On March 29, 2017, President Trump signed an Executive Order to establish the President’s Commission on Combating Drug Addiction and the Opioid Crisis. The Commission will be chaired by Governor Chris Christie and will study ways to combat and treat the scourge of drug abuse, addiction, and the opioid crisis. The Commission’s Final Report issued on November 1, 2017 noted, “There is a critical shortage of recovery housing for Americans in or pursuing recovery.
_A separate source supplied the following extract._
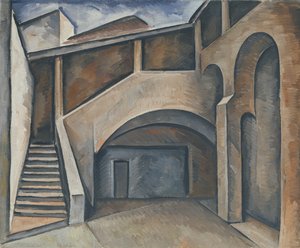 Pátio, 1913 de Alexander Kanoldt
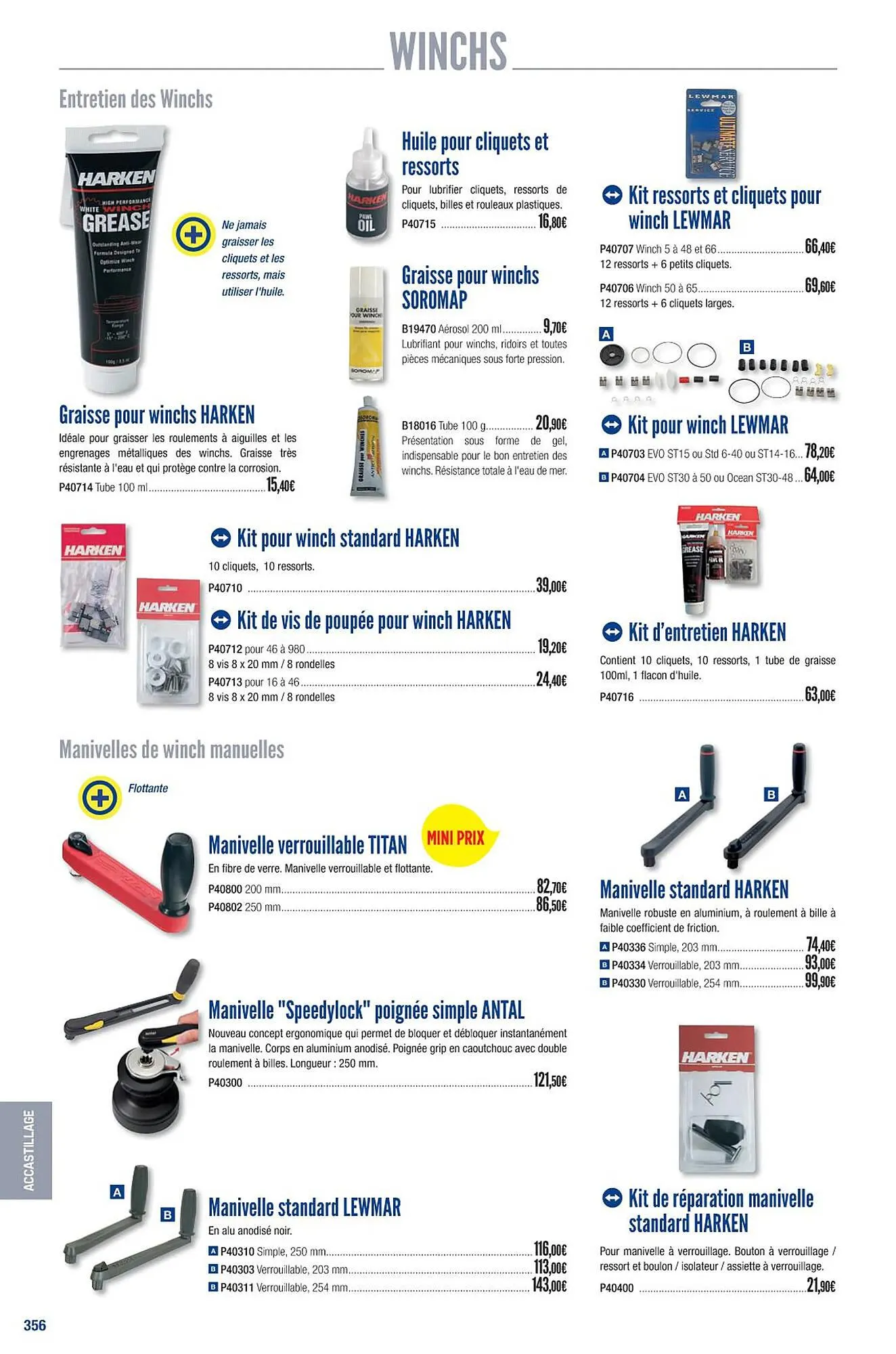 Catalogue Accastillage Diffusion du 1 mars au 31 décembre 2023 - Catalogue page 358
Recovery residences (also known as “sober homes” or “recovery homes”) are alcohol- and drug-free living environments for individuals seeking the skills and social support to remain free of alcohol or other drugs and live a life of recovery in the community.”

Creating a demonstration program in this legislation will show how the short-term transitional housing approach is transformational in helping covered individuals maintain sobriety after completing rehabilitation, gain valuable skills in job training, obtain employment, and eventually transition back to society to lead independent lives.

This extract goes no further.